Volkswagen will dem milliardenteuren Diesel-Abgasskandal keine seiner Tochtermarken opfern. Gerade weil er zwölf erfolgreiche Marken habe, sei der Konzern "toll", sagte VW-Chef Matthias Müller am Donnerstag in Wolfsburg, wo er einen Zwischenbericht zur Aufarbeitung der massiven Abgas-Manipulationen bei Diesel-Pkw aus dem Hause Volkswagen abgab. Es gebe keine Pläne, eine der Luxusmarken oder eine andere Tochter zu verkaufen. "Wir denken keine Sekunde daran", betonte Müller. Den Konzern sieht er gut gewappnet, die hohen Kosten des Skandals und mögliche Absatzrückgänge gut zu überstehen. "So ernst die aktuelle Situation auch ist: Dieses Unternehmen wird daran nicht zerbrechen."

VW hatte sich in der vergangenen Woche bei Banken eine Kreditlinie von 20 Milliarden Euro gesichert. Dabei soll der Konzern versprochen haben, zur Rückzahlung notfalls Tochterfirmen zu verkaufen oder an die Börse zu bringen, wie Insider der Nachrichtenagentur Reuters sagten. Dies sei aber nicht konkretisiert worden.

Zum größten europäischen Autokonzern gehören nicht nur die Volumenmarken VW, Audi, Seat oder Skoda. Der im Streit abgetretene Firmenpatriarch und Sportwagenfan Ferdinand Piech hatte die Nobelmarken Lamborghini, Bugatti und Bentley dazugekauft. Nach dem neuen Bugatti Chiron, einem Auto mit mehr als 1000 PS, gebe es eine überraschend hohe Nachfrage, so dass er kein Defizit machen werde, erklärte Müller.

Auf das operative Geschäft habe sich der Skandal noch nicht niedergeschlagen. Nach Worten Müllers lag der Bestelleingang bis November 3,5 Prozent über Vorjahr. Zudem könne die Erholung in China mögliche Rückgänge auffangen.

Auf Seite 2: AUFKLÄRUNG DAUERT NOCH





AUFKLÄRUNG DAUERT NOCH



Die Aufklärung des Skandals werde sich bis ins kommende Jahr hinziehen, sagte Aufsichtsratschef Hans Dieter Pötsch auf der ersten Pressekonferenz seit Bekanntwerden der Manipulationen Ende September. Die Affäre, die den Wolfsburger Konzern in die größte Krise seiner Geschichte gestürzt hat, werde konsequent aufgeklärt. "Alles kommt auf den Tisch, nichts wird unter den Teppich gekehrt." Insgesamt seien 450 interne und externe Experten an der Aufklärung der Vorfälle beteiligt. Ein umfassender Bericht sei für die Hauptversammlung im April 2016 geplant.

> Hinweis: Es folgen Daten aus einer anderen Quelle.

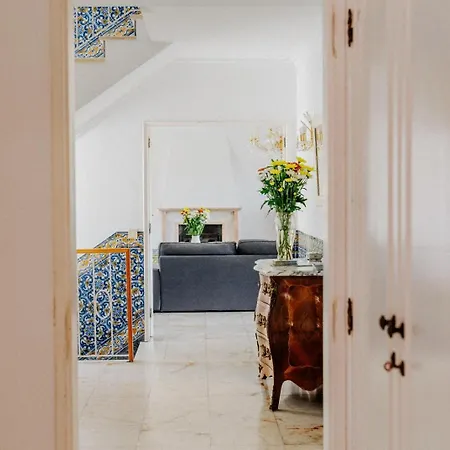 Spacious Seaside House Cascais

Persönlich Verantwortliche würden noch nicht benannt, weil ihnen ihr Fehlverhalten erst juristisch wasserdicht nachgewiesen werden müsse, erklärte Pötsch. Wahrscheinlich handele es sich um eine überschaubare Anzahl von Mitarbeitern. "Verlassen Sie sich darauf, diese Personen werden zur Rechenschaft gezogen", betonte Pötsch. Freigestellt worden seien bisher neun Manager.

An der Börse kam der Zwischenbericht zeitweise nicht gut an. Die Aktien des Autobauers, die zunächst 3,7 Prozent zugelegt hatten, drehten während der Pressekonferenz ins Minus und notierten zeitweise 2,5 Prozent schwächer, bevor sie einen Teil der Kursverluste wieder wett machten. "Offenbar hatten einige auf weitere positive Nachrichten gehofft", sagte ein Börsianer. "Darum nehmen sie jetzt Gewinne mit."

NEUE UNTERNEHMENSKULTUR - OHNE EIGENEN AIRBUS



Pötsch erläuterte, drei Faktoren hätten zu der Manipulation geführt: Individuelles Fehlverhalten, Schwachstellen in Prozessen und das Tolerieren von Regelverstößen in einigen Teilen des Unternehmens. Künftig solle in der Entwicklung deshalb das Vier-Augen-Prinzip strikt eingehalten werden. Emissionstests würden von externen, unabhängigen Experten überprüft. "Künftig wird es sehr schwierig sein, an unseren Prozessen vorbeizuarbeiten", sagte Pötsch.

Die Aufarbeitung leiten soll Einkaufschef Francisco Javier Garcia Sanz. Der frühere Porsche-Chef Müller, ein langjähriger Weggefährte seines im Abgasskandal zurückgetretenen Vorgängers Martin Winterkorn, will den bisher autoritär geführten Konzern einem Kulturwandel unterziehen. "Jeder muss verinnerlichen, dass ein Fehler bei uns erlaubt ist, wenn wir ihn als Chance zum Lernen nutzen", betonte Müller. Er und seine Kollegen müssen künftig auf eine besondere Annehmlichkeit verzichten: Der firmeneigene Airbus soll verkauft werden.